Il nuovo studio sull’enorme buco nel ghiaccio antartico

Il nuovo studio dal titolo Ekman-driven salt transport as a key mechanism for open-ocean polynya formation at Maud Rise è stato pubblicato il 1 maggio 2024 sulla rivista Science Advances.

Non è raro che si formino dei buchi di dimensioni più o meno evidenti nel ghiaccio marino antartico. Sono noti come polynya e generalmente si trovano vicino alla riva, utilizzati da animali come le foche o le balene per riprendere fiato salendo in superficie. Sono più rari, invece, al largo delle coste antartiche ma comunque possibili. A catturare l’attenzione degli scienziati è stato proprio uno di questi ultimi, apparso per la prima volta sull’altopiano Maud Rise nel Mare di Weddell nel 1974.

Allora aveva le dimensioni della Nuova Zelanda, poi è stato nuovamente osservato tra il 1975 e il 1976 per tornare anni dopo, leggermente più piccolo.
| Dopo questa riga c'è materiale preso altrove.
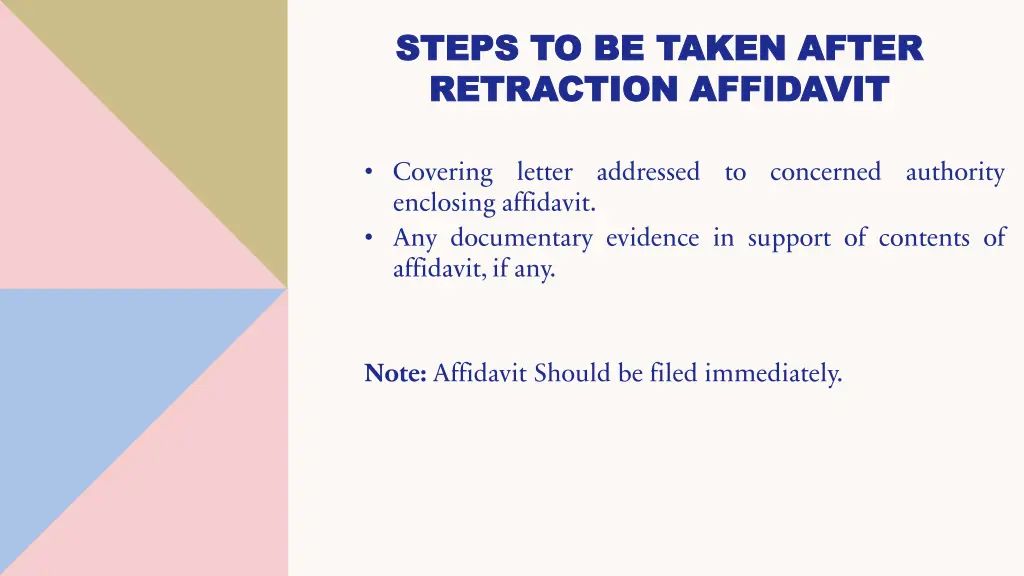 steps to be taken after steps to be taken after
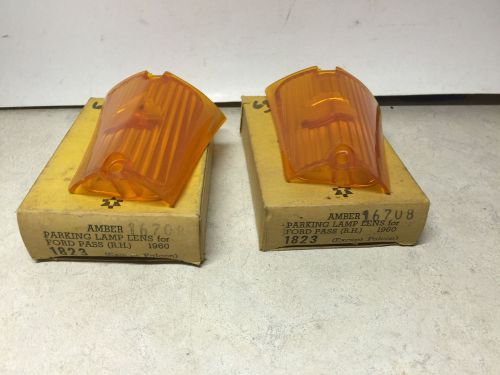 2 nos amber parking lamp lens ford pass r.h. 1960 except falcon part # 1823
A un certo punto gli scienziati si erano convinti che fosse un fenomeno passeggero ma con grande sorpresa per 50 anni la polynya è ricomparsa ciclicamente, raggiungendo tra il 2016 e il 2017 le dimensioni maggiori. Il grande buco nel ghiaccio in questione rappresenta, di fatto, uno dei fenomeni più longevi in Antartide e per mezzo secolo gli scienziati si sono chiesti a cose fosse dovuto. Forse adesso abbiamo una risposta.

Risolto il mistero della polynya di Maud Rise

Secondo il nuovo studio, la polynya (o polinia) di Maud Rise sarebbe il risultato di diversi fattori concomitanti che ciclicamente si allineano innescando il fenomeno. Utilizzando una combinazione di immagini satellitari, strumenti autonomi galleggianti, foche che indossano cappelli per il monitoraggio e modellazione computazionale, il team di ricerca è giunto alla conclusione che l’enorme buco sia provocato anche dall’azione del cosiddetto “Ekman transport” o “Spirale di Ekman”.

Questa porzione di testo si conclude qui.